そしてもう一度その洞窟を探してみないか?とホーさんに提案し、その気になったホーさんはおぼろげな記憶を頼りにジャングル内を何度も探検。
2008年になって洞窟の入り口の再発見に成功し、翌年にはイギリス洞窟調査学会(BCRA)のチームを案内した。
最初の調査は、雨期で水量を増した地底の川に行く手を阻まれたが、それでも洞窟の総延長は少なくとも4.5kmを越えると予想され、後に9kmを越えることが判明。
長さだけで言うなら、世界にはさらに長い洞窟がたくさんある。
また、アジア最長は中国貴州省にある双河洞[https://www.jiji.com/jc/article?k=3545568&g=cgtn]で、現在のところ437.1kmまで確認されているし、日本最長の安家洞(岩手県)も総延長約24kmという規模である。
だが中でもソンドン洞の内部空間の広さはずば抜けている。高さは高いところで約240m、幅は90m、そして容積が約3,850万立方mという途方もない規模から、ソンドン洞が世界最大の洞窟であると認定されることになったのだ。
洞窟名の「ソンドン」とは、ベトナム語で「ドン山」という意味だ。

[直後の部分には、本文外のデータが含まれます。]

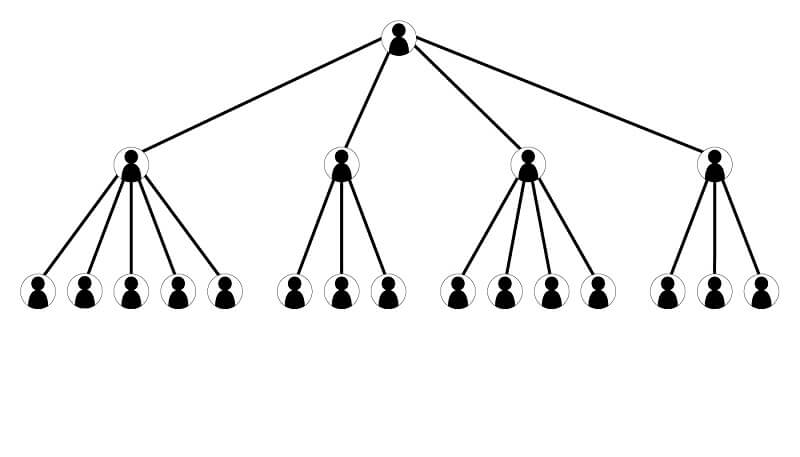 Mô hình tổ chức theo chức năng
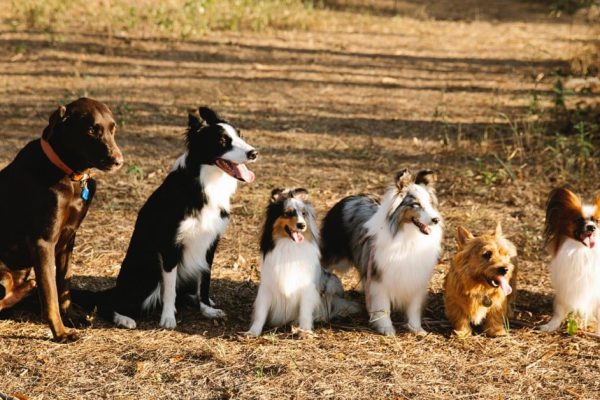 Среди собачников ходят легенды об интеллекте пуделей, разбираемся, какая порода самая умная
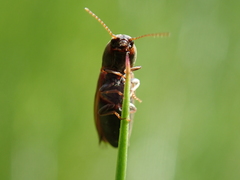 Agriotes sputator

最初発見者であるホーさんは、自分の名前を冠した「ホー・カン洞」と命名したが、後にイギリス隊の提案を受け入れて「ソンドン洞」に変更したんだそうだ。
大小の洞窟が点在するカルスト台地
ソンドンが今のような姿になったのは、およそ300万年前だと言われており、洞窟の中には長さが約2.5kmもある地下河川が流れ、滝や湖も存在するという。
この洞窟があるフォンニャ・ケバン国立公園には、4億年以上前に作られたアジア最古のカルスト台地があり、世界遺産にも認定されている。
公園内にはソンドン以外にも大小合わせて300を超える洞窟が存在しており、その全長は65kmにもなると言われている。
しかもそれら洞窟の中にも未調査なものがあり、さらに巨大な空間が広がっている可能性がまだあるという。
冒険とロマンを求める探検家や科学者たちが世界中からこのエリアを訪れ、新たな洞窟の発見を夢見ているんだそうだ。
2014年になって、ソンドン洞の観光客への開放が行われた。
ソンドン(での滞在)は、謙虚さを感じさせ、自分を顧みる経験です。洞窟の内部約8kmにいながら、日光がその造形を照らしだす光景を見るのは驚くべきことです。
洞窟の大きさは信じられないほどです。世界最大の洞窟で5泊もキャンプするなんて、人生でそうできることではありません
ちなみにクアンビン省当局では、Oxalis Adventure[https://oxalisadventure.com/]という旅行会社1社にしか、内部へのツアーの提供を認めていない。
ゴミはもちろん、排泄物まですべてお持ち帰りしなければならないため、ツアーにはガイド以外に運搬スタッフも同行するという。
お値段は5泊6日のツアーで約3,000ドル(約47万円)と、かなりお高く設定されているが、この絶景の中で過ごせるのなら手が届かない値段でもないかもしれない。
興味のある人はOxalis Adventureや、ソンドンへのツアーを扱っている日本の旅行会社を探してみるといいだろう。ただし、年間1,000人限定だそうなので、早めの予約をおすすめする。